**About this exercise:** For the entries that follow, restate word for word the line containing "分かりやすく見やすいスピードメーター。", the line containing "Аккумулятор C.ETALON CHRL 12-75", and every line that lies between them.

**Source data:**
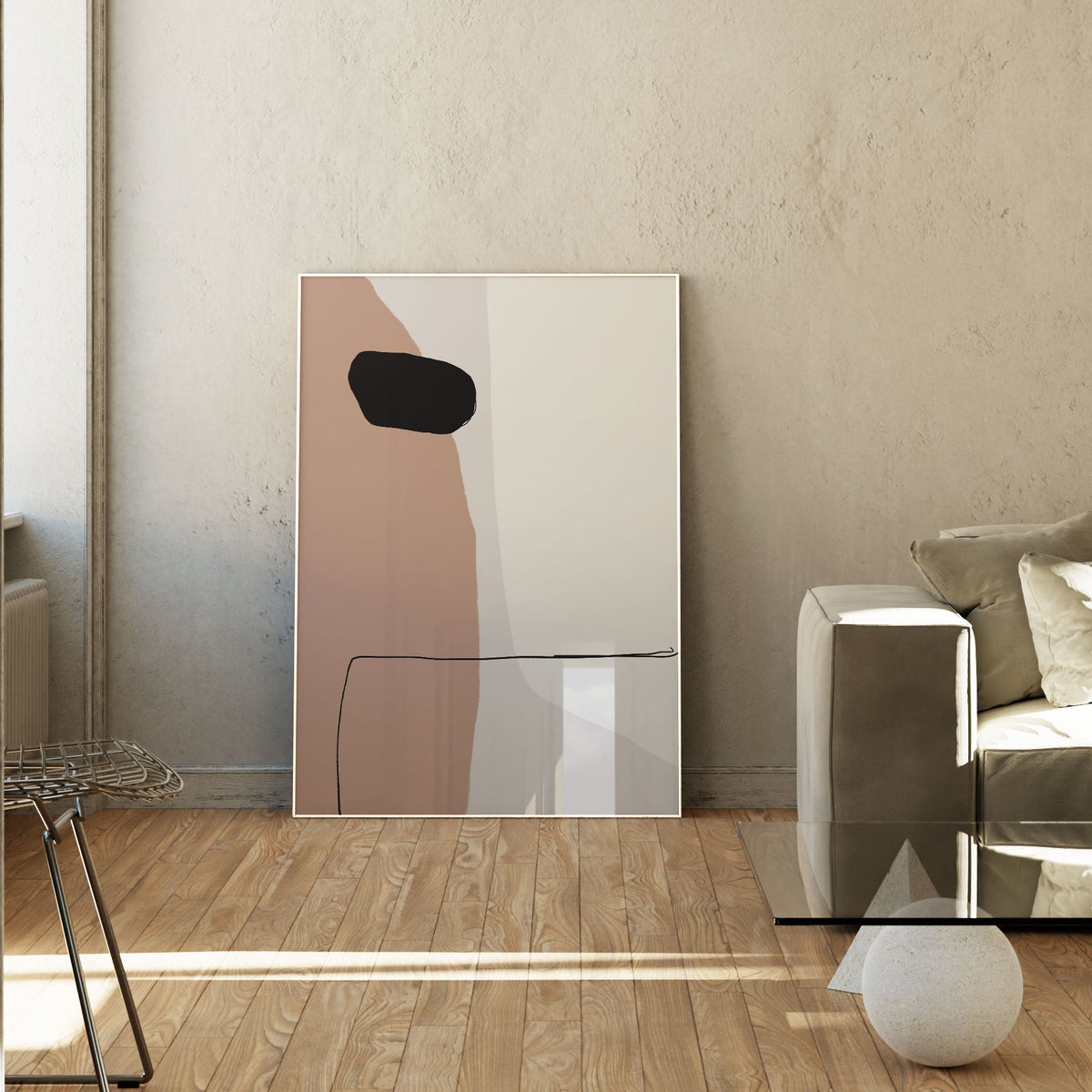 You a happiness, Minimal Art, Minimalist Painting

* * *

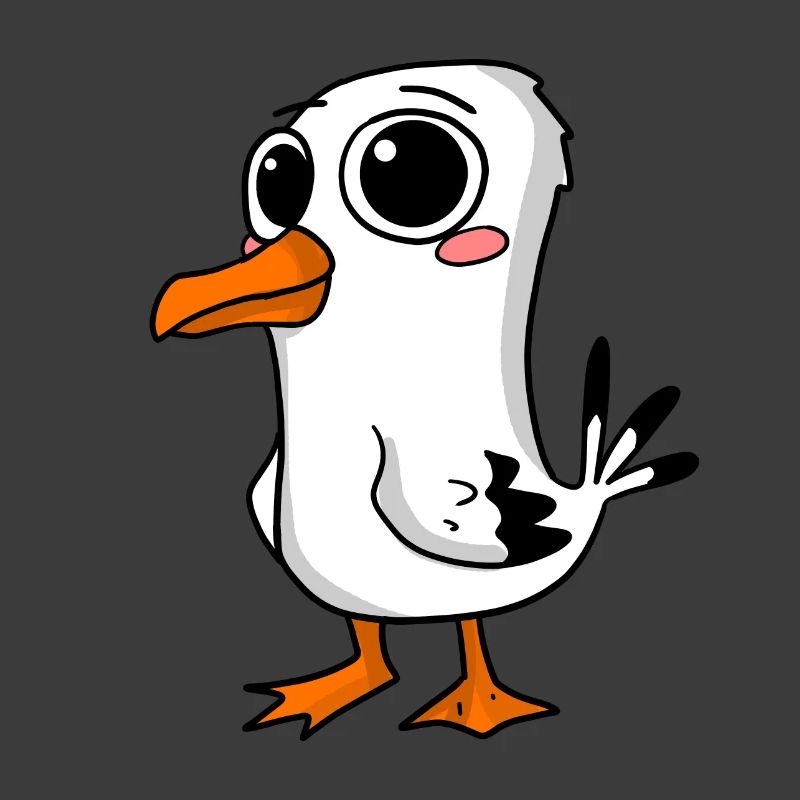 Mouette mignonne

==

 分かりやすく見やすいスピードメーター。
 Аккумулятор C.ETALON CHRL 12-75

**Response below:**
 分かりやすく見やすいスピードメーター。
 Аккумулятор C.ETALON CHRL 12-75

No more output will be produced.